PPH is excessive vaginal bleeding of greater than 500 ml after childbirth. Even a small amount of blood loss can be life-threatening for anemic women—the great majority of women in the developing world. Annually, PPH is a major cause of the more than 500,000 maternal deaths that occurr, responsible for approximately 25% of all maternal deaths globally. Nearly 34% of maternal deaths in Africa and more than 30% in Asia are due to PPH.
Caused by a variety of conditions, immediate PPH—excessive bleeding directly following childbirth or within the first 24 hours—is the most common type, and 80% of immediate PPH is caused by uterine atony (failure of the uterus to contract properly after delivery). Factors that can contribute to PPH due to uterine atony are high parity, PPH in a previous delivery, a large fetus, multiple fetuses, or excessive amniotic fluid. Other causes include retained placenta, inverted or ruptured uterus, and cervical, vaginal, or perineal lacerations. However, the majority of cases occur in women without these factors who otherwise have normal pregnancies and labors. “Secondary” PPH, defined as hemorrhage after the first 24 hours but less than 6 weeks postpartum, can be produced by retained placental fragments and infection.

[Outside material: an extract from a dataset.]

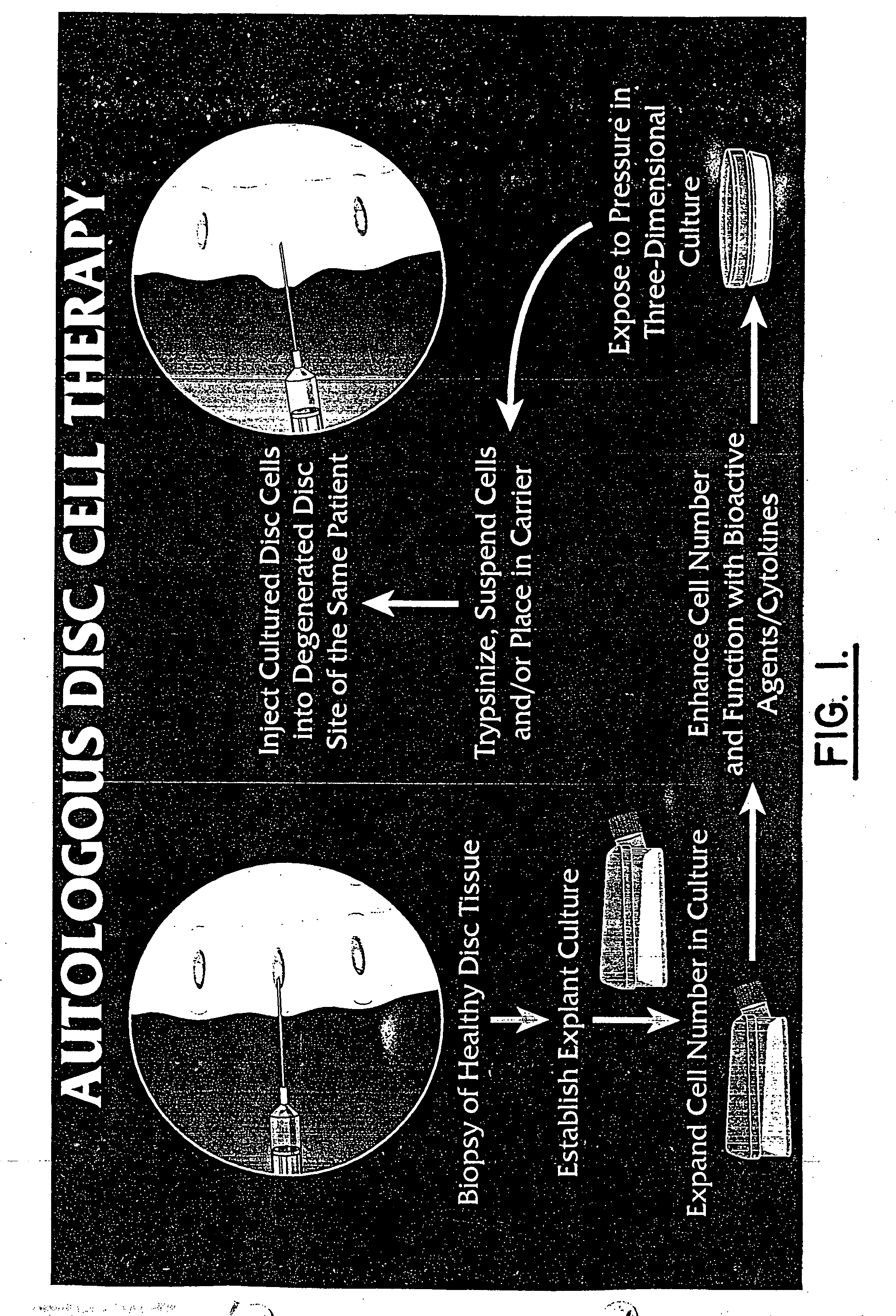 Method for producing human intervertebral disc cells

Evidence-Based Interventions to Prevent PPH
Evidence-based interventions suitable for low-resource settings are available that reduce the incidence of PPH and can be implemented by skilled providers or trained community health workers. These include the use of AMTSL by a skilled provider, or use of misoprostol by women who give birth without a skilled provider. Uterotonics (such as oxytocin and misoprostol) cause uterine contractions and have long been used to treat uterine atony and reduce the amount of blood lost following childbirth. Use of a uterotonic drug immediately after the delivery of the newborn is one of the most important interventions to prevent PPH.

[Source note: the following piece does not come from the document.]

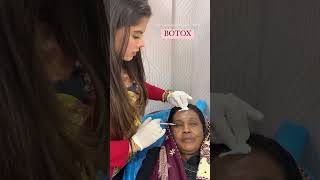 Botox Treatment For Face  Botox Injection  Dr Muskan Tyagi  Dermalyn Aesthetics [upl. by Faythe]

AMTSL has been shown to decrease the incidence of PPH by up to 66%. The procedure involves three basic steps: injection of a uterotonic agent (preferably oxytocin) within one minute following the delivery of the baby; delivery of the placenta with controlled cord traction and counter-traction to the uterus; and massage of the uterus after delivery of the placenta, with palpation of the uterus to assess the need for continued massage for the two hour period following delivery of the placenta.
Recent WHO recommendations approve administration of misoprostol by a health worker trained in its use for PPH prevention in the absence of a skilled provider who can perform AMTSL. Misoprostol tablets are ideally suited for PPH treatment at home births and in resource-poor settings due to their ease of use, effectiveness and safety.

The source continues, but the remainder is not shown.